Start of PROVIDED ENTRIES

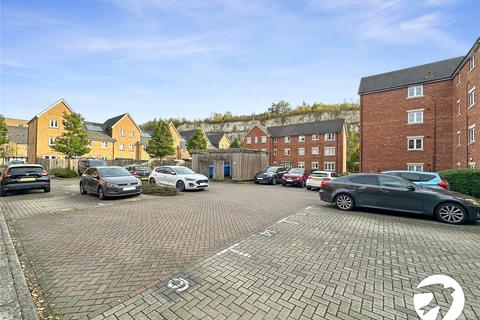 10, Wraysbury House Whitehead Drive, Strood, Rochester, ME2 2FY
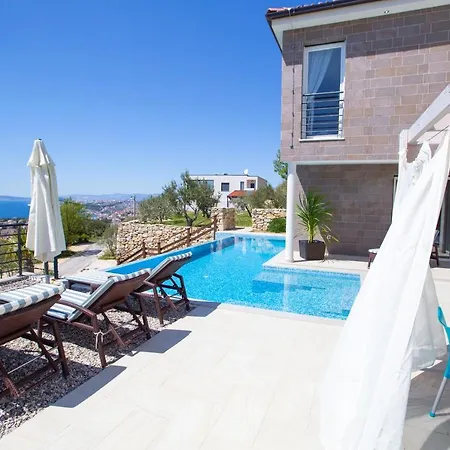 Royal Villa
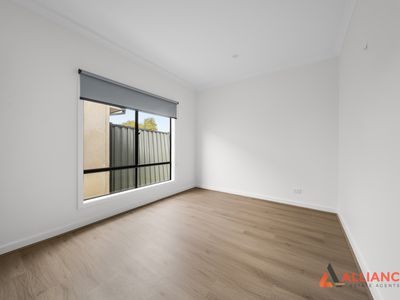 48 Railway Parade, Kalkallo
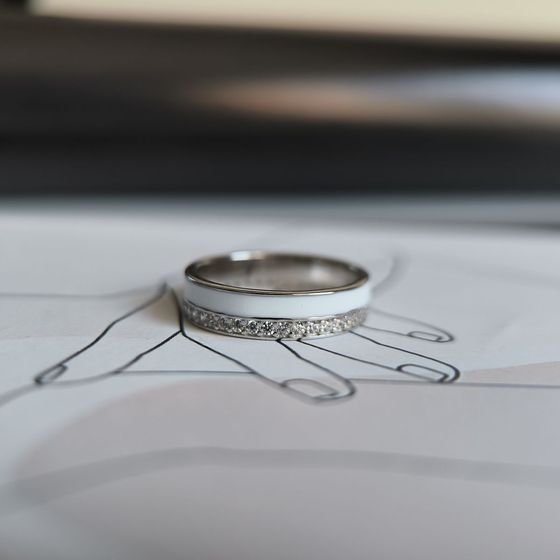 Серебряное кольцо с фианитами, емаллю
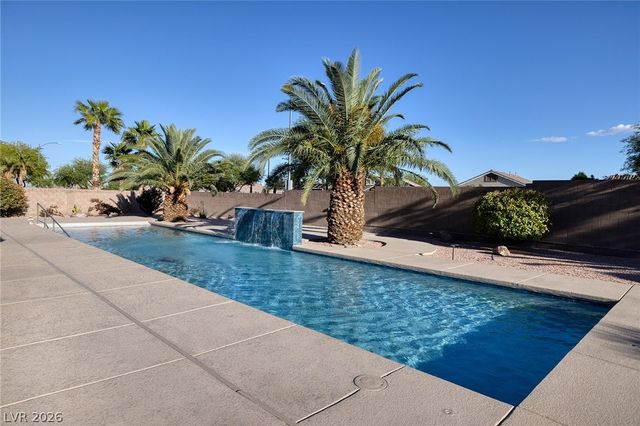 8345 Christinas Cove Avenue, Las Vegas, NV 89131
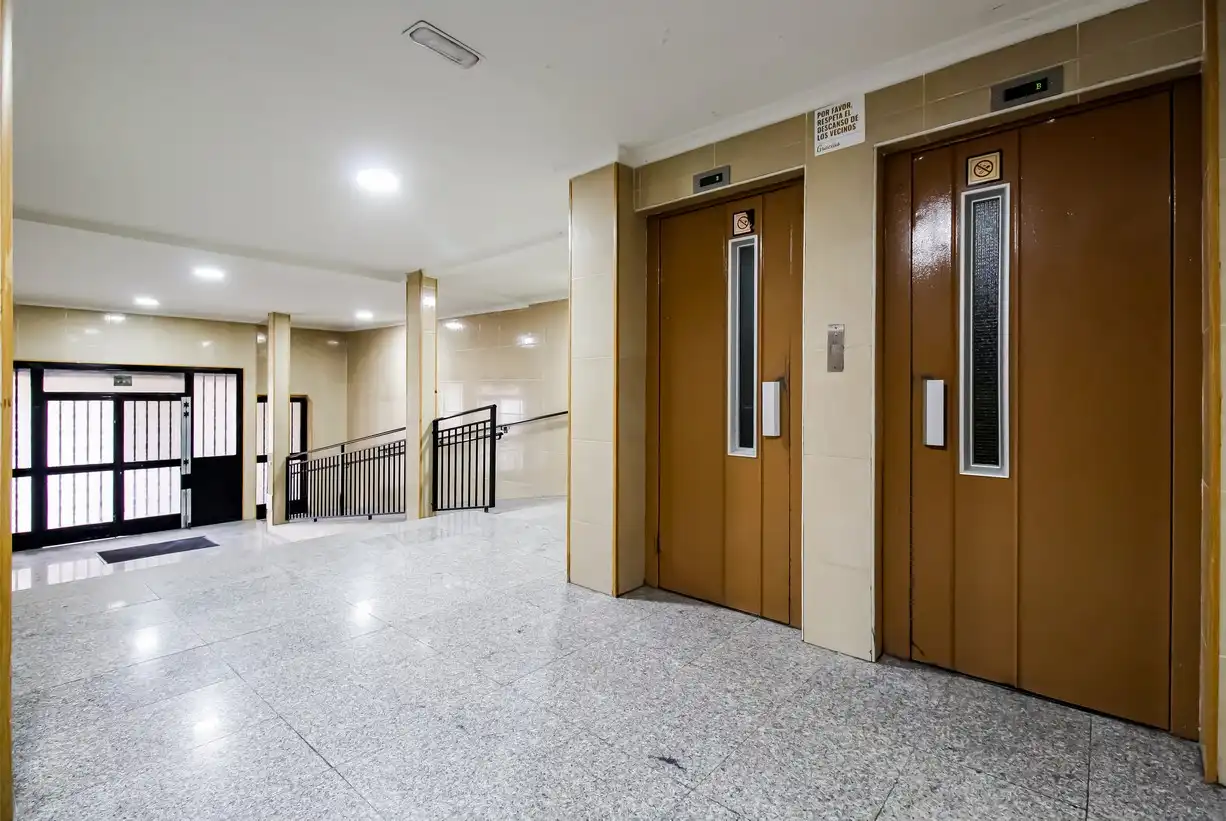 Flat for sale in Madrid  with Air Conditioner, Heating and Terrace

End of PROVIDED ENTRIES

TASK PROMPT
Each line above should be set down exactly as written, with pictures excluded.

RESPONSE BOX
 10, Wraysbury House Whitehead Drive, Strood, Rochester, ME2 2FY
 Royal Villa
 48 Railway Parade, Kalkallo
 Серебряное кольцо с фианитами, емаллю
 8345 Christinas Cove Avenue, Las Vegas, NV 89131
 Flat for sale in Madrid  with Air Conditioner, Heating and Terrace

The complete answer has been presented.